Councillors have rejected a revised traffic management scheme for INEOS’s shale gas site at Harthill in Rotherham – against the advice of officials.
The company’s proposals were made public within days of the start of next week’s public inquiry on the site.
INEOS has appealed over what it said was an unacceptable delay in the decision on its application to drill and test an exploratory shale gas well at Common Road, Harthill.
Rotherham Council’s planning board voted unanimously in January to oppose the application at the public inquiry. They said the proposals were unacceptable on highway safety and ecological grounds.
But as arrangements for the inquiry were being finalised, INEOS submitted changes to the proposed traffic management scheme.
The new scheme included new passing places on the proposed lorry route and the additional use of stop-go boards and banksmen to control vehicle movements. The company also dropped plans for a traffic regulation order to take control of the local road network when it wanted to bring in vehicles.
The revisions were added as an emergency item to today’s planning board meeting at Rotherham Town Hall.
The council’s highway officer, Ian Ferguson, told the meeting:
“Taking this package of measures, together with the temporary nature of the works, I have no choice but to withdraw my objection on road safety grounds.”
The board was recommended to drop its opposition to the scheme on highway safety grounds at the inquiry which begins on Tuesday (24 April 2018).
But members voted by eight to three to maintain their traffic objections.
The local councillor, Dominic Beck, described it as “shameful” that INEOS had not sent a representative to the meeting.
INEOS had said the proposals would provide a long-lasting community benefit. But Cllr Beck said:
“No it won’t. The local community don’t want more passing places because what’s going to happen for these passing places to be implemented is for ancient hedgerows, local habitats and local ecology to be depleted even further.
“The local community does not need more passing places that will be retained after the drilling has taken place.
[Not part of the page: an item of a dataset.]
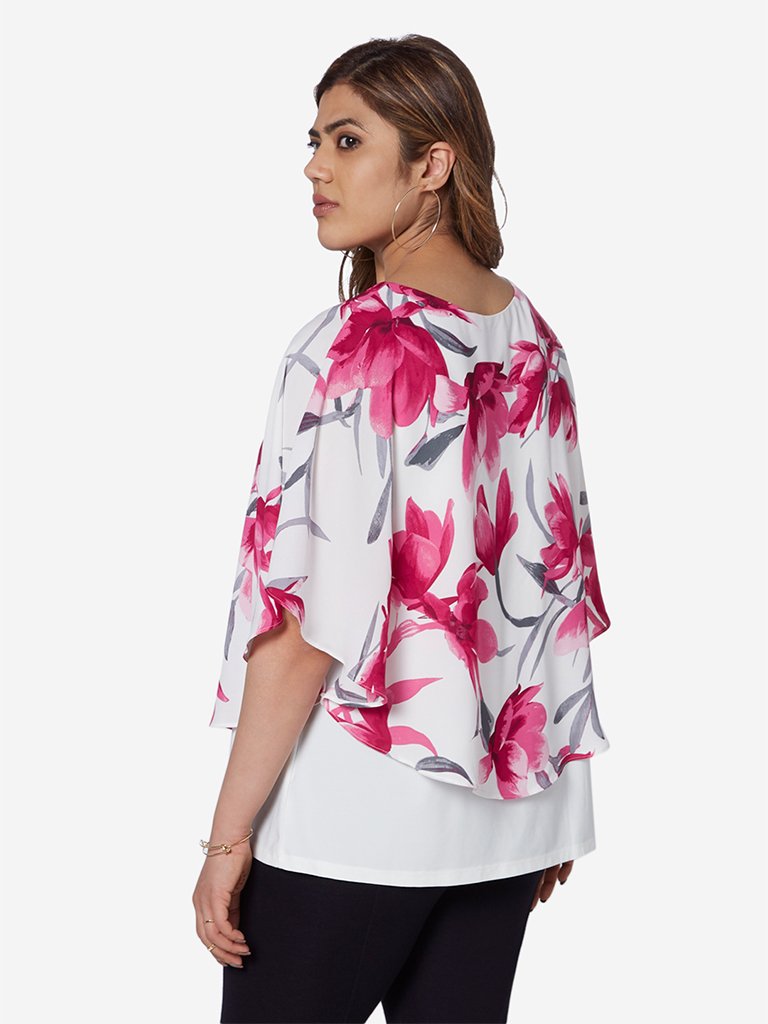 Gia Curve White Floral Patterned Sameena Top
To call it a betterment is just a sop.”
He said the new measures assumed the banksmen and stop-go boards would be in place when needed. “It’s just not good enough”, he said, adding:
“I hope the inspector will see this as a desperate attempt to try to develop Harthill for hydraulic fracturing at the site that is being considered. I think it is shameful.”
The meeting also heard from Harthill Against Fracking and Friends of the Earth, who had both opposed the original proposals.
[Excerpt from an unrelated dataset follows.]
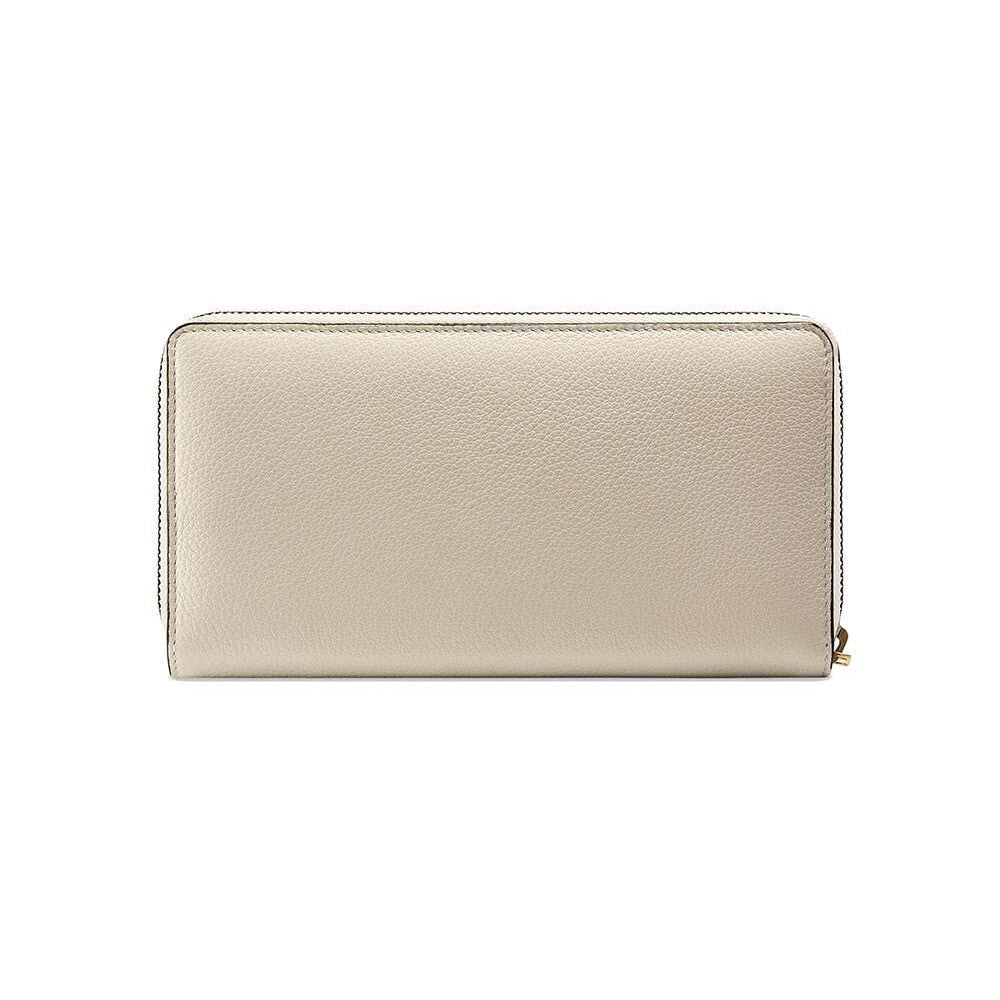 Gucci Cripto Logo White Leather Zip Around Continental Wallet 496317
Deborah Gibson, of Harthill Against Fracking, said:
“To the community, this sounds like a desk-top discussion. We have to live with this. The changes that appellant has made make no difference to the quality of life and the usability of the roads.”
Richard Dyer, of Friends of the Earth, said:
“There is good reason to be sceptical that any planning conditions would be adhered to. It is not uncommon that conditions entered into by local authorities in good faith with the best intentions are simply ignored in practice.”
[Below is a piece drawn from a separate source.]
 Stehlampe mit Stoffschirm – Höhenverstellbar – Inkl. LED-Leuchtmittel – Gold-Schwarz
One board member, Cllr Jennifer Whysall, INEOS accused the company of treating the authority with contempt. “It is despicable, desperation”, she said.
She described the proposals as “haphazard” and an “Elastoplast”. She said the proposed passing places would be “very dangerous for a lot of people”.
Cllr Jenny Andrews said of the new scheme:
“It highlights the unsuitability of the road if they have to put in all these passing places.”
Cllr Bob Walsh was the only board member to speak in favour of the scheme. He said:
“It just about works. Because it is temporary, I don’t think we can sustain it as an objection.”
The planning board agreed that Mr Ferguson would represent their views at the inquiry. It is expected that the inquiry inspector will deal with the issue at the opening and that an adjournment is possible.
The inquiry is likely to hear from INEOS, Harthill Against Fracking, and local residents, as well as Rotherham Council.
After the meeting, Friends of the Earth said:
“Well done Rotherham Council for again standing up to INEOS, the majority of Councillors, quite rightly, were unconvinced by INEOS’ last minute, sticking plaster solutions to the major traffic impacts that this test drill will impose on Harthill. We look forward to supporting the Council’s position at the Public Inquiry into INEOS’ plans starting on Tues 24th April”.